Encouragingly, the prospect of interest rate cuts by major central banks in 2024 bodes well for businesses, exporters, and mortgage holders, as it could potentially stimulate further investment and consumption. raising the likelihood of a first interest-rate cut in June.

The strong performance of Ireland’s labour market in 2023, in tandem with record employment figures and sectoral growth, underscores the economy’s resilience. Despite projected moderation in job growth for 2024, low unemployment rates and wage increases are expected to persist, posing challenges for recruitment and retention.

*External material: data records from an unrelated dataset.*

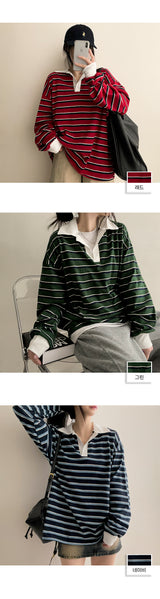 Lao Rouge Fit Color Collar Danjara Sweatshirt T-shirt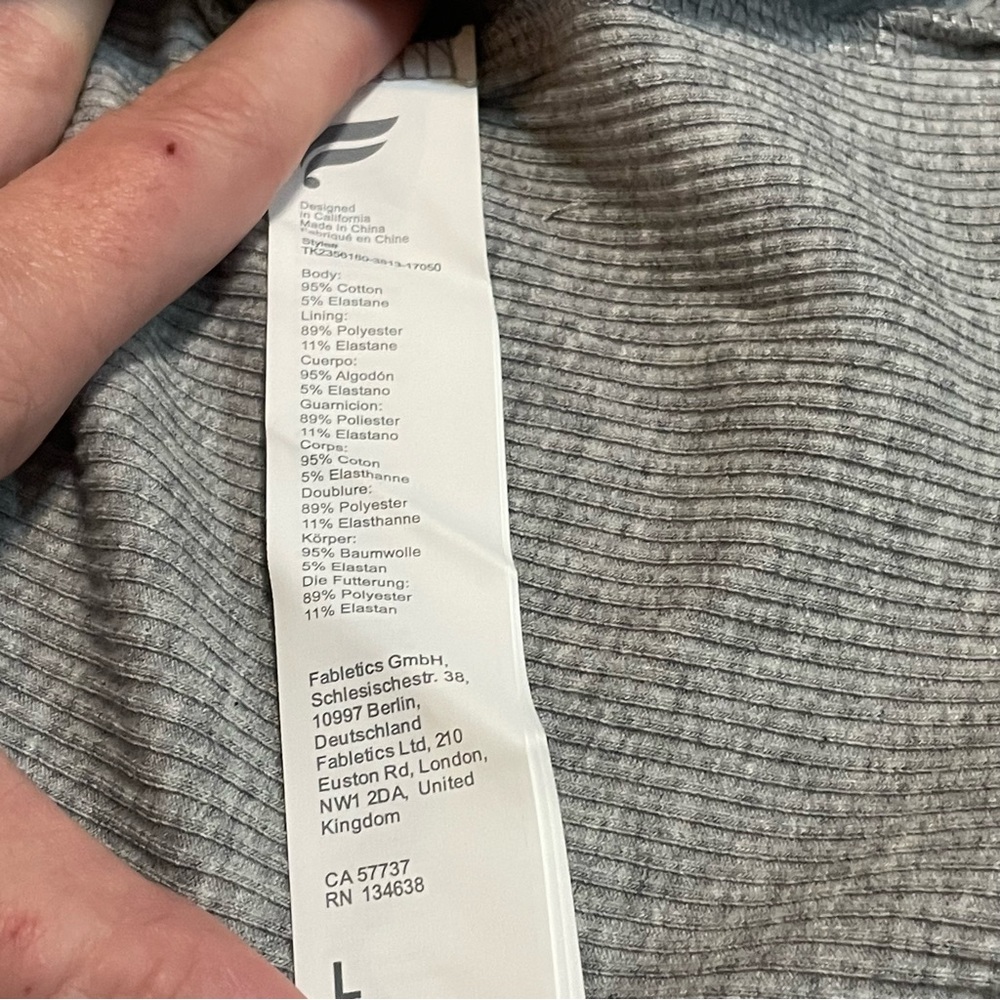 Fabletics Light Gray Ribbed High-Neck Tank. - Picture 6 of 7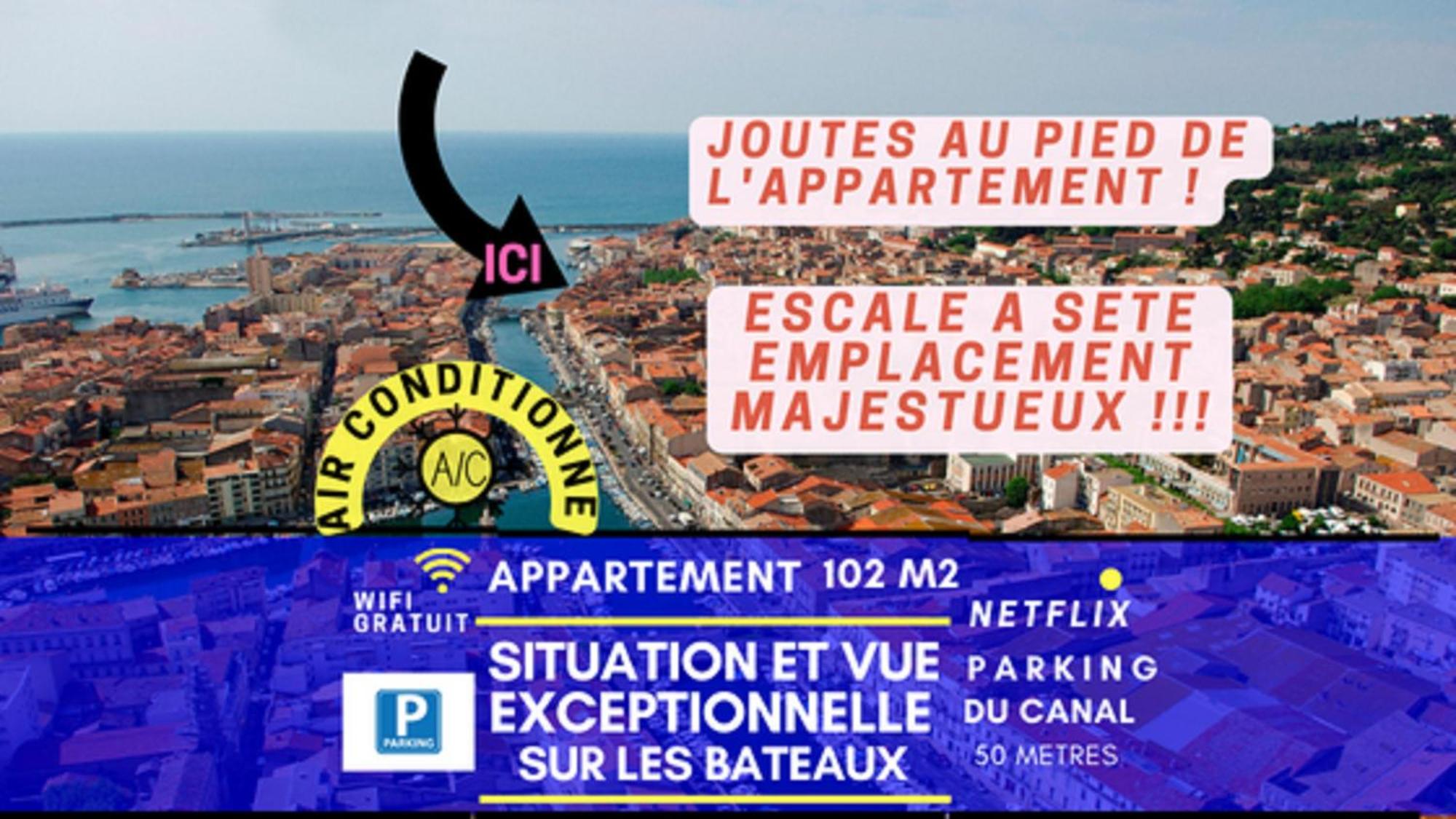 MAGNIFIQUE APPART 102 m2 ART/DÉCO AU BORD DE L'EAU Sète Esterno foto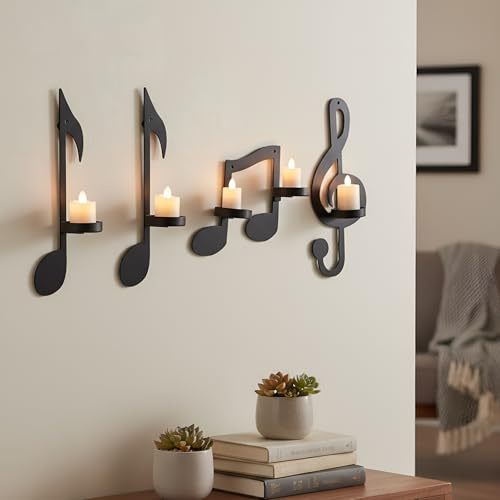 Ferrochef Set of 4 Music Note Wall Sconces Decor Candle Holders Black Metal Teacher Appreciation Week Decoration Tea Light Stand for Kitchen Porch Living Room Musical Signs for Winter Music Lover Gift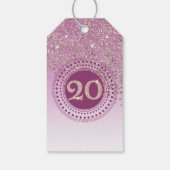 Moderne Falling Rose Gold Glitter 20. Geburtstag Geschenkanhänger (Rückseite)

On the stock markets last week, we saw the Federal Reserve opting to hold interest rates steady. This was widely expected at the April Federal Open Market Committee (FOMC) policy meeting, but many investors paid more attention to Chairperson Jay Powell’s comments in the press conference than to the decision itself. Despite noting that the Fed was not gaining “greater confidence” progress had been made on inflation, Powell’s comments were well received by investors, as a rate hike in the next meeting was effectively ruled out, causing stocks to rally.

However, the economic forecast is not without its challenges. Graham Reid, Head of Tax & Law and Clients & Markets at Ernst and Young (EY) Ireland, emphasised the importance of capitalising on Ireland’s strengths, including a skilled workforce and a business-friendly environment, to attract foreign direct investment and foster indigenous entrepreneurship.

While global uncertainties loom large, and with the multinational sector accounting for more than 50% of Irish GDP since 2020, global shifts can have large local impacts. Even though economic forecast remains positive, driven by a resilient labour market, moderated inflation, and strategic investments we cannot be lax.

Dr O’Sullivan of Ernst and Young highlighted the importance of continuing strategic investments in workforce training, infrastructure, and green technologies to sustain Ireland’s economic competitiveness.